Memory Efficiency: By processing the JSON file in chunks and using the Bulk API, we avoid loading all records into memory at once, preventing out-of-memory errors.
Parallel Processing: Using virtual threads allows us to process multiple files concurrently, further improving performance.
Scalability: The Bulk API enables Elasticsearch to handle a higher throughput of indexing operations, making your application more scalable.

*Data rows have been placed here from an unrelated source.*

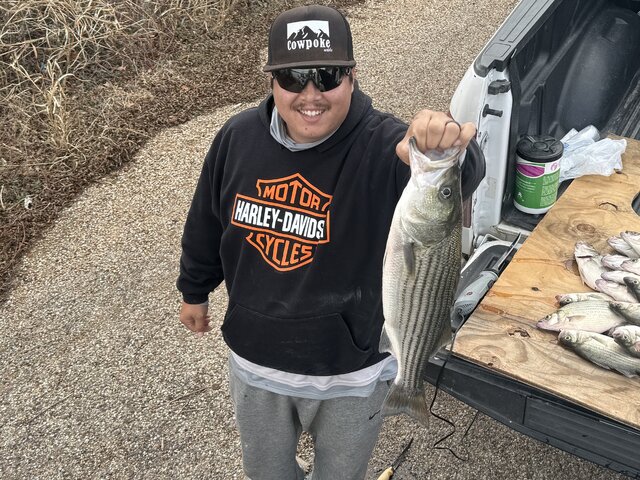 Listing image 1298252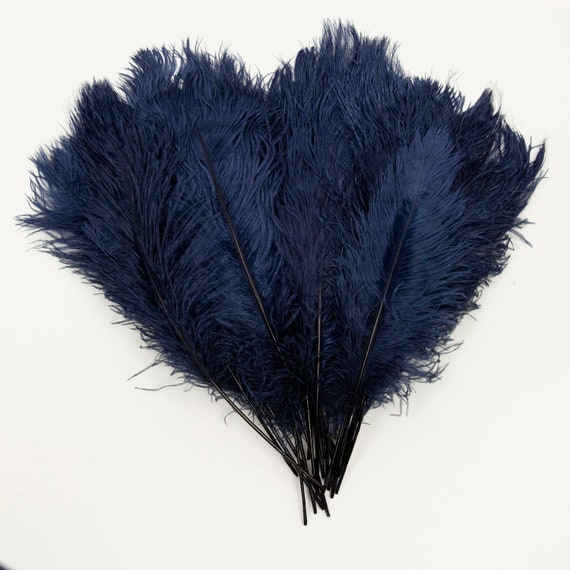 Navy Ostrich Feather Tips 16 18 Ostrich Tails 30 Pieces for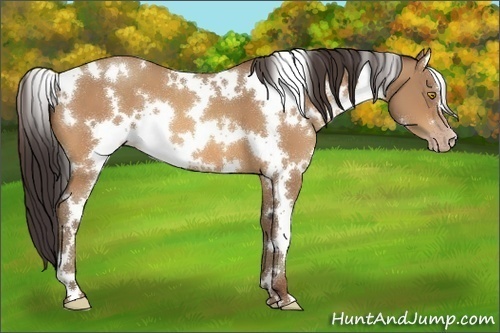 Horse Color:White Spotted Amber Champagne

Comparison: Index API vs. Bulk API

Performance Test

To illustrate the performance difference, consider importing a dataset of 1 million address records:

Index API:
Each document is indexed individually.
High network overhead and slower performance.
Increased load on Elasticsearch cluster.
Bulk API:
Documents are batched into requests of 1,000 documents each.
Reduced network overhead and faster performance.
Lower resource consumption on Elasticsearch cluster.

Test Results

Index API: Took approximately 2 hours to index around 1 million records.
Bulk API: Took approximately 15 minutes to index around 1 million records.

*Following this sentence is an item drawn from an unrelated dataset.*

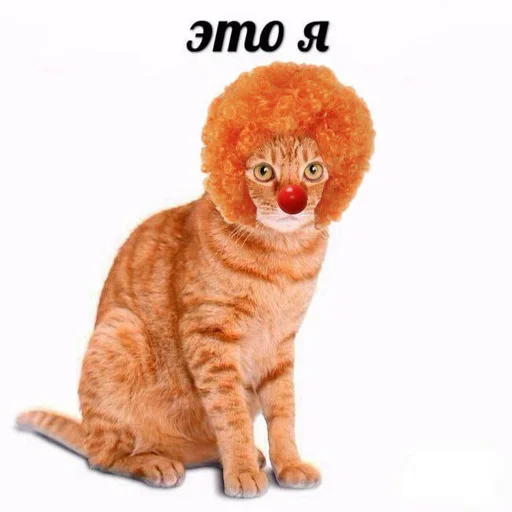 🤡 Стикер «Вселенная котиков» для Telegram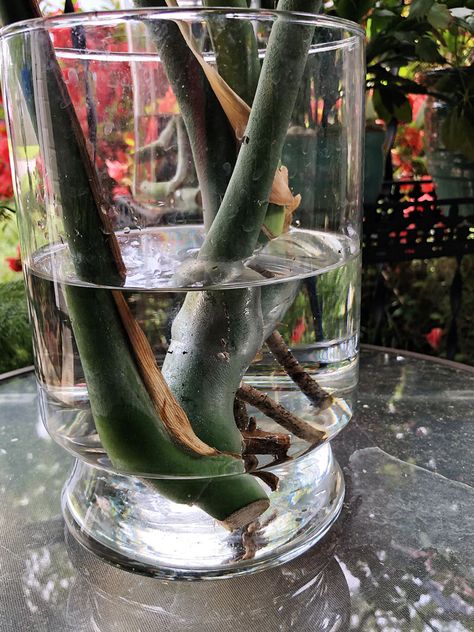 How to Propagate Monstera - Pruning Monstera, How To Propagate Monstera, Propagate Monstera, Indoor Plant Garden, Plants From Cuttings, Lucky Plant, Plant Problems, Plant Garden, Monstera Plant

The Bulk API provided a 8x performance improvement, demonstrating its efficiency in handling large data imports.

Conclusion

Importing large datasets into Elasticsearch can be challenging, but the Bulk API offers a robust solution. By batching documents into single requests, you can significantly improve indexing performance and resource efficiency. The practical example provided demonstrates how to implement this approach in Java, making it easier to manage large data imports and maintain the performance of your Elasticsearch cluster.

Switching from the traditional Index API to the Bulk API can result in substantial performance gains and resource savings. For any large-scale data import tasks, leveraging the Bulk API is the way to go.

Happy coding, and may your data always be efficiently indexed!

Note: This story is written by Chat-GPT with several corrections on prompts and some edits by me. :) Thanks to OpenAI for the great Chat-GPT and to humanity for accumulating so much information, providing valuable input for large language models.